Si tratta sempre di un problema di approccio non tanto del singolo operatore quanto invece della modalità con cui l’azienda progetta e concepisce il suo flusso organizzativo.
Ciò che va ricordato, sempre, è che il fattore umano non solo deve essere preso in considerazione, deve anche essere capito che non è possibile irrigidire il comportamento delle persone in base a schemi logici soprattutto quando le persone non si sentono parte attiva di quel processo. Nessun comportamento umano sarà mai esattamente schematico e scontato come un algoritmo.
Il fattore umano quale elemento di irrazionalità.

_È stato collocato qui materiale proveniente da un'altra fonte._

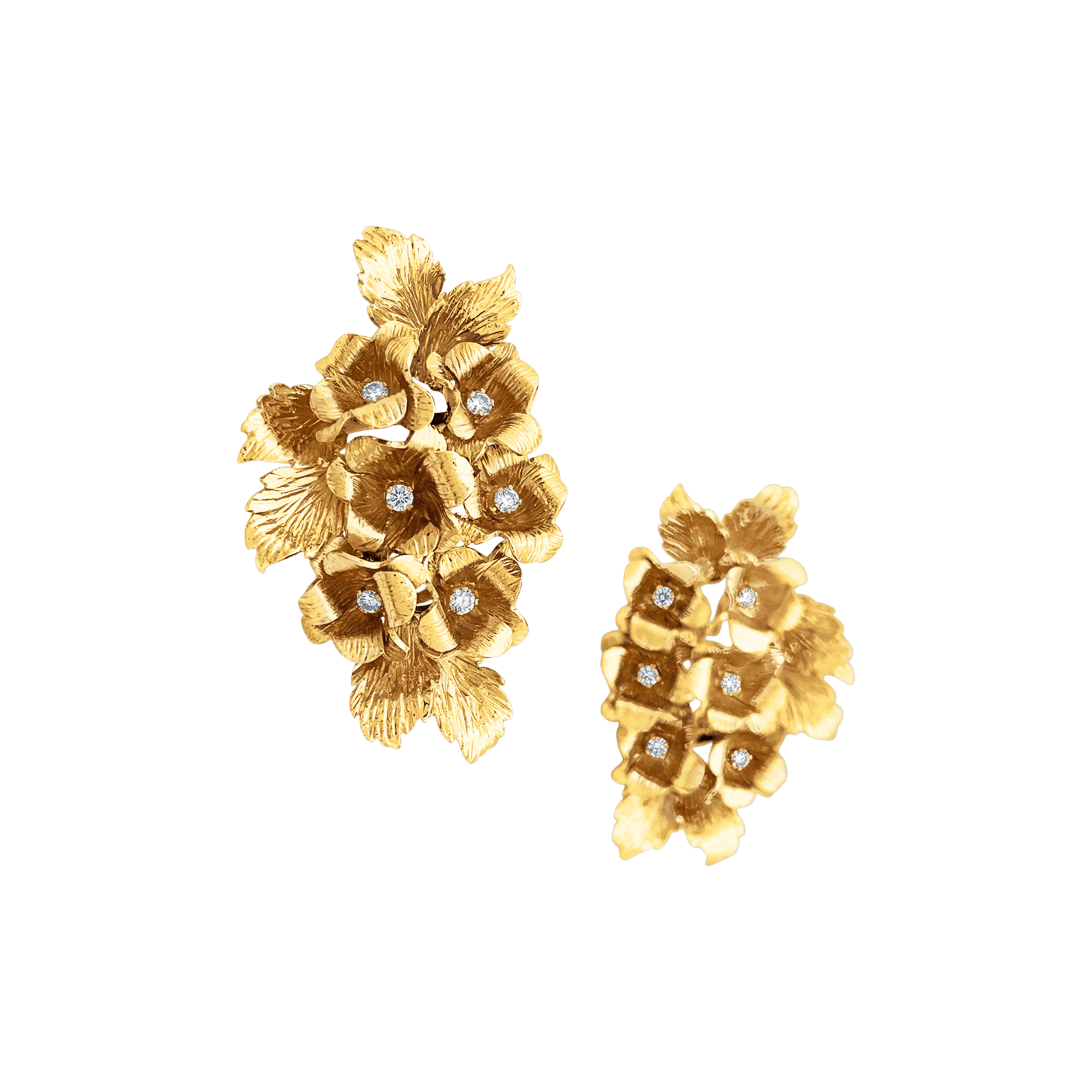 Boucles d'oreilles "Fleurs", or jaune et diamants. 1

Cominciamo questa serie dedicata ai processi aziendali e alle interazioni umane raccontando una storia che servirà come riferimento del nostro argomento. Mi piace raccontare questa vicenda perché è l’emblema di come i comportamenti umani determinino le sorti degli eventi riguardanti la nostra storia, malgrado ogni preordinazione, rigore scientifico e controllo.

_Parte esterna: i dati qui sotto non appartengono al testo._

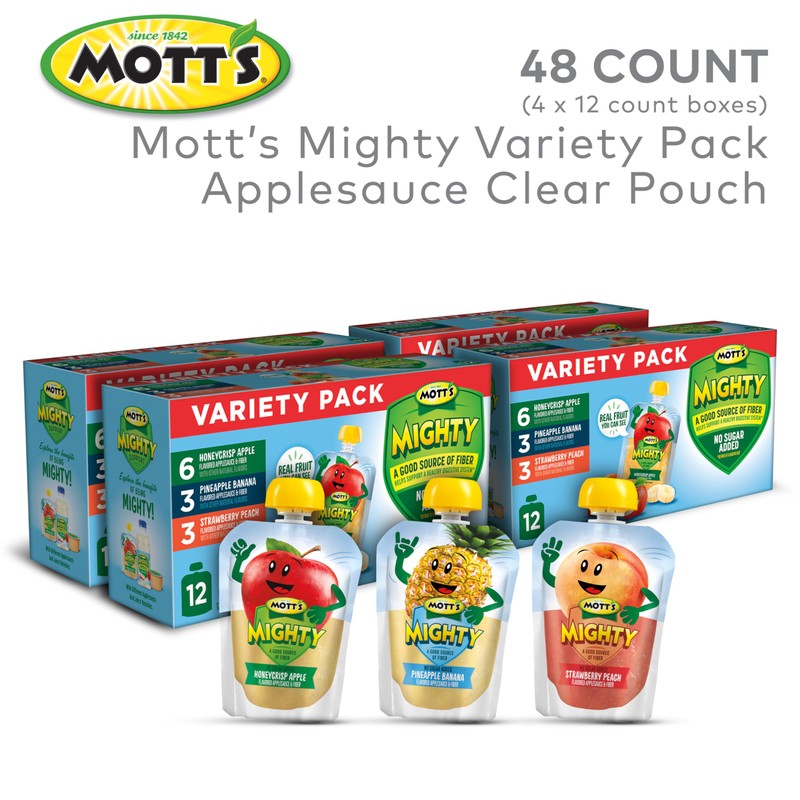 Mott's Mighty Applesauce Variety Pack, 3.2 oz Clear Pouches, 48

Se vi chiedete cosa abbia a che fare questa storia con gli aspetti relativi ai processi aziendali – quindi come rendere questi organici e sistematici all’interno dei flussi di lavoro di un’impresa – vi renderete conto che aderisce perfettamente, perché il punto saliente è come conciliare gli aspetti razionali necessari per ordinare e ottimizzare la gestione dell’impresa, con l’innata tendenza verso l’irrazionale delle persone.
Tutto ciò fa parte del mio lavoro quotidiano da alcuni decenni. Nella mia attività di formazione nei confronti del personale – inclusi dirigenti e titolari – di varie aziende, ho potuto constatare che la direzione – e in generale il management – richiede che il personale si adatti a certe prassi anche se non ne ha compreso realmente l’utilità. Questo è un male endemico nella piccola e media impresa in Italia; in misura minore, ma non del tutto assente, ho potuto riscontrarlo presso aziende inglesi e americane.
La storia breve.
La storia breve è presto detta. Negli anni ’90 del secolo scorso, una società finanziaria americana, la Long-Term Capital Management, conosciuta anche come Long Term o LTCM, cominciò a fare operazioni finanziarie sui derivati basandosi sui modelli matematici sviluppati appositamente da alcuni studiosi. Due di questi illustri accademici vinceranno anche il premio Nobel per l’economia nel 1997. Questi modelli si basavano sulla assoluta prevedibilità – data dalle equazioni matematiche – dell’andamento di certi prodotti finanziari nel mercato. Per un certo periodo le cose andarono più che bene, i rendimenti erano così elevati che tutti a Wall Street volevano entrare nell’affare. Tuttavia, i modelli si dimostrarono del tutto inaffidabili quando il mercato presentò problemi di instabilità, fino a decretare il fallimento della LTCM e quindi il fallimento della teoria che voleva che i mercati finanziari fossero oggetti comprensibili attraverso rigidi modelli logici trascurando del tutto il comportamento umano.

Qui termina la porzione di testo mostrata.